We’re excited to introduce our first featured Islander poet to kick-off our month-long series, faculty member J.L. Wright. She began writing poetry as a young girl, publishing her first poem in the local newspaper at age 10. She has since written three poetry collections, Unadoptable Joy, Homeless Joy, and Unsettled Joy.  

In this interview, she spoke about themes present in her three published poetry collections, the origin of poetry and its role as the “voice of the common man,” the importance of persisting during often-grueling submission and rejection cycles when pursuing publication, her plans for establishing a local poetry critique group, and so much more!  

When asked Do you have specific messages or themes in your work?
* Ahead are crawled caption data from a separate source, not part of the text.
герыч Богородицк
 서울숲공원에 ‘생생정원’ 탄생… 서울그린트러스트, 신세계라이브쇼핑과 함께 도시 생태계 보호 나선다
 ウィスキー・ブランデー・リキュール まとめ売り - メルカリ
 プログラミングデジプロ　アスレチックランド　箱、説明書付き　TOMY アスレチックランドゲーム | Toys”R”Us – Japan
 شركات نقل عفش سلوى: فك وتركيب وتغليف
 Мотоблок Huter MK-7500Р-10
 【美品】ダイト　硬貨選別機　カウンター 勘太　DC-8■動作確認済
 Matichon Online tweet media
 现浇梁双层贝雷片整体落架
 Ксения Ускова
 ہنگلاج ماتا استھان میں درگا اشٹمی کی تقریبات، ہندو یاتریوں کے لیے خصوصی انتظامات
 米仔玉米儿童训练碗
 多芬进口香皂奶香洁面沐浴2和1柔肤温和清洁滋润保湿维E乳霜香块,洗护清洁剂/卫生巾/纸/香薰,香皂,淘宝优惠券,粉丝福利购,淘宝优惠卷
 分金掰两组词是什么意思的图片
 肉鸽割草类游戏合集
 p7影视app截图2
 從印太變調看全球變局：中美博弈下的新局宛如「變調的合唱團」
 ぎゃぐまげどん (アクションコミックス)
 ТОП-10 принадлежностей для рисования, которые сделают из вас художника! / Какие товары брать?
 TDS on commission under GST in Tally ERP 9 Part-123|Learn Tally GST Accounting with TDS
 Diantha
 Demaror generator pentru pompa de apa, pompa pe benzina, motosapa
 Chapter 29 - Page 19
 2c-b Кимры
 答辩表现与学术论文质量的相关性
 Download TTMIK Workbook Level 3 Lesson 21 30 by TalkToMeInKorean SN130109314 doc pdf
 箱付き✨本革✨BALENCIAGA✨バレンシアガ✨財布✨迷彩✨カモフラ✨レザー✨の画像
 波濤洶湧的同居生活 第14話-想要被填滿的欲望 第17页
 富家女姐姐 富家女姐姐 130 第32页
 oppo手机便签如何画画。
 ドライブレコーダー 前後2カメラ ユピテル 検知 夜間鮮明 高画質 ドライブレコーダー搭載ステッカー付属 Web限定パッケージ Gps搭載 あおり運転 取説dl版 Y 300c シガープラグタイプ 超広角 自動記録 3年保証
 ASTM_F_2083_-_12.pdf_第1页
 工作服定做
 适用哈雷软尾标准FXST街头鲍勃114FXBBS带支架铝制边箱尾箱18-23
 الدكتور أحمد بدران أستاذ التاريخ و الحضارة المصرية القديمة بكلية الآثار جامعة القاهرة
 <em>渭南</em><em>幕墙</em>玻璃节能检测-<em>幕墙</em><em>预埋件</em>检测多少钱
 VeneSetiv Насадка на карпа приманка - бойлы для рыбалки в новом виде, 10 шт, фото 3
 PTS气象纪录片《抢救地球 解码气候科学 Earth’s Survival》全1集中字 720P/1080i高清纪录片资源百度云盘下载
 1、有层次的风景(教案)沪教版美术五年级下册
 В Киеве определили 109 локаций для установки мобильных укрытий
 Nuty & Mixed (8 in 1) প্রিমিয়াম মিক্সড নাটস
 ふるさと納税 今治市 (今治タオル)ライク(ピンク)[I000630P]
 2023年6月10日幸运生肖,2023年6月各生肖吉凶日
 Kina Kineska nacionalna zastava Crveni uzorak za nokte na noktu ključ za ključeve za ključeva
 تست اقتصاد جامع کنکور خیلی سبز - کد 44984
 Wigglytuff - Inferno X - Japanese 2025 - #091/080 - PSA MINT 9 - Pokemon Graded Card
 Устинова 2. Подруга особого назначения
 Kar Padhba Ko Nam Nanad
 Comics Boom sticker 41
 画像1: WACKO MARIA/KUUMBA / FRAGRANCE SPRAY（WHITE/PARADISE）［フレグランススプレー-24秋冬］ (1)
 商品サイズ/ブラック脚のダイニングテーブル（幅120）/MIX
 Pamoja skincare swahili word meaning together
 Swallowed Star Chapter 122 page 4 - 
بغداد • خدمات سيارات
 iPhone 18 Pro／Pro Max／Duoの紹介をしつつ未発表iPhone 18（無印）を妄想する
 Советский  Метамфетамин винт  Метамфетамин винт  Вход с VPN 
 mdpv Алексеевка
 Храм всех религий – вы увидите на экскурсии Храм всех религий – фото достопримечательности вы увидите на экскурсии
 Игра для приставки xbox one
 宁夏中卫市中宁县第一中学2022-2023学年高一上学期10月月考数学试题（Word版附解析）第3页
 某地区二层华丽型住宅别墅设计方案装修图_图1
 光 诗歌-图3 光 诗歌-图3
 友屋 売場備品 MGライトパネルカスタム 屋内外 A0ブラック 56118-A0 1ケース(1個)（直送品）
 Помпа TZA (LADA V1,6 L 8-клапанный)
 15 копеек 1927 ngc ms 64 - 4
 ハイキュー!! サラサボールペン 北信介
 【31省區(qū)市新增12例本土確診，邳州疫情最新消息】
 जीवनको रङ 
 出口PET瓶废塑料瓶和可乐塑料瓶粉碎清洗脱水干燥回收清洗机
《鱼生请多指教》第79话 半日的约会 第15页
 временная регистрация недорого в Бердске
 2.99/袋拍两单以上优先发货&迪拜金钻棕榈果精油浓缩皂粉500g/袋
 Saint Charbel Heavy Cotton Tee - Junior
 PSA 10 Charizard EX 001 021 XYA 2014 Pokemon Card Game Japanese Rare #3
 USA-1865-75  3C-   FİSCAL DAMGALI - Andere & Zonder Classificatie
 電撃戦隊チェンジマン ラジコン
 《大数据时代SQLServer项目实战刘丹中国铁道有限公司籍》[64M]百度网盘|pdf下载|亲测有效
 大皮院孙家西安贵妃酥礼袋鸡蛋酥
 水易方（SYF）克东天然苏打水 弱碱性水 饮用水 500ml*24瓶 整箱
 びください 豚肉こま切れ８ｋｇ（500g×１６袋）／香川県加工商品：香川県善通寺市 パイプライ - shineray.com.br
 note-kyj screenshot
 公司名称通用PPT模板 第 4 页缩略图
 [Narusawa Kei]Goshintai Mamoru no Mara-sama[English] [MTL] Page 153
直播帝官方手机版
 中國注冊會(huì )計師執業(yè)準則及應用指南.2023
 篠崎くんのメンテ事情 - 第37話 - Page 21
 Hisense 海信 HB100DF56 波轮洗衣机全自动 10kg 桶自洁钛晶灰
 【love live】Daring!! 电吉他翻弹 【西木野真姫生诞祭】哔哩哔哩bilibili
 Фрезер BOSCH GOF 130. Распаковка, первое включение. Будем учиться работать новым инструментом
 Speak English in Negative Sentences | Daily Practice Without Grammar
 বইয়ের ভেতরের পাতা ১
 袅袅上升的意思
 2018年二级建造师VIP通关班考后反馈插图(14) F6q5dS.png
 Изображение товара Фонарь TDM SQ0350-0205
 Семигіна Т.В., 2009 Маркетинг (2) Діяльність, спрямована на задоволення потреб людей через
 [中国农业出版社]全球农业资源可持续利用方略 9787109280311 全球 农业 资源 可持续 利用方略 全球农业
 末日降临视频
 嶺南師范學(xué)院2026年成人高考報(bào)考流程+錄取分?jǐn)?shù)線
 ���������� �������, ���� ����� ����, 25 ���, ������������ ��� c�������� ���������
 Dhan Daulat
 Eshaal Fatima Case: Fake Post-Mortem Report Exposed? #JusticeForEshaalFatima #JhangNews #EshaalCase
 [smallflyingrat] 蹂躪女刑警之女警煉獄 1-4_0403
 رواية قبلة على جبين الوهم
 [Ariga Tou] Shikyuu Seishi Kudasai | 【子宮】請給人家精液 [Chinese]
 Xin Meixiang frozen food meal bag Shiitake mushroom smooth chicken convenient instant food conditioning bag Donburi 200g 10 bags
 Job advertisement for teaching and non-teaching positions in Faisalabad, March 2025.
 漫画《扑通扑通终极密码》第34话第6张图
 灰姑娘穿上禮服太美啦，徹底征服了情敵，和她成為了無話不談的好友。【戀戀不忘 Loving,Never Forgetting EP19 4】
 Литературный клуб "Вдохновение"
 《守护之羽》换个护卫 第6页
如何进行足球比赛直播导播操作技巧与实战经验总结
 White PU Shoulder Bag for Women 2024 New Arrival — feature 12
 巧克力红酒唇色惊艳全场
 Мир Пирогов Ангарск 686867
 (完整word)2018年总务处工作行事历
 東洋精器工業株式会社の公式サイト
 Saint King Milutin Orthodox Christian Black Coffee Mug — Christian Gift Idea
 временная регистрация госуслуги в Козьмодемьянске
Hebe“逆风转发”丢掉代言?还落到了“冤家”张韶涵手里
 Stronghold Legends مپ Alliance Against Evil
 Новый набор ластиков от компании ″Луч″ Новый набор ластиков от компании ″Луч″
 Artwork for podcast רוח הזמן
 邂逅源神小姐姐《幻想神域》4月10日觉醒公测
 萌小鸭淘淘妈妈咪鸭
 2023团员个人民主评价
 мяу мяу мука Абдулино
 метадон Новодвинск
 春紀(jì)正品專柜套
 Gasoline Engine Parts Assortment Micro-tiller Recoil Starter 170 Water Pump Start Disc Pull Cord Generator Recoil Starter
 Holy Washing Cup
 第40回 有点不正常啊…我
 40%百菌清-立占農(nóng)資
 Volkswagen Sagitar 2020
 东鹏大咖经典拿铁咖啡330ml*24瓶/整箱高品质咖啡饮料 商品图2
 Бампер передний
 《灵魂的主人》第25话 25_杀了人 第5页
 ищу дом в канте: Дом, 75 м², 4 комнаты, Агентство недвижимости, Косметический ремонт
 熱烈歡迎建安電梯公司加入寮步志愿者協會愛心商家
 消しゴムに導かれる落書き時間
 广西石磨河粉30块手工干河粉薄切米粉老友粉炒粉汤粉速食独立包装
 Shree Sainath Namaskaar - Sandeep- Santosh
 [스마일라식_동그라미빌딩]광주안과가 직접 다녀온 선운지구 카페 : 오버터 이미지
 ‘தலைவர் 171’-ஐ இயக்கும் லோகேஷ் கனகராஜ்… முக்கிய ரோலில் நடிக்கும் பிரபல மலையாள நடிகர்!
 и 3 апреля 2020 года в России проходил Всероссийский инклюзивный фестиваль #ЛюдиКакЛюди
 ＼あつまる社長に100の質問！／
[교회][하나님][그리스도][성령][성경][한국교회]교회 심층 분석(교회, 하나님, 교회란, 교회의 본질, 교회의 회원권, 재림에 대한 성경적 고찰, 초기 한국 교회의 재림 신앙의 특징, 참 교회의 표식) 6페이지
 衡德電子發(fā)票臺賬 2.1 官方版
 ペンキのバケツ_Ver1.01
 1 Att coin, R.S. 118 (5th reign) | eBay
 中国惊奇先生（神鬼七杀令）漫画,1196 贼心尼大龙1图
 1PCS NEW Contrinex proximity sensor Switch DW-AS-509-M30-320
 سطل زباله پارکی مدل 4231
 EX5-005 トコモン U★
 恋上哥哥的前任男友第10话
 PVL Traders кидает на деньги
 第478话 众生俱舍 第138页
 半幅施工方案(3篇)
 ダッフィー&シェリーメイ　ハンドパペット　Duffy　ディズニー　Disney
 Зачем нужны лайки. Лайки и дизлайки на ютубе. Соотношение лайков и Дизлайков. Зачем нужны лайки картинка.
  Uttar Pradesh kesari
J.L. Wright responded: 

So, I’ve talked about the themes that I’ve published extensively, being unadoptable, foster care, and homelessness. But other themes that I’m interested in is anything I get interested in. In regards to education, in regards to politics…those become themes and fodder for my poetry. 

But it’s something as simple as I love Found Poetry. Found Poetry might be something as I’m driving down Ocean Drive, and I see the title of this street name. And then I see a sign for a motel. And then I see a flower, and I might take those three things together to make a poem. And poetry really just connects real life in whatever format you find it.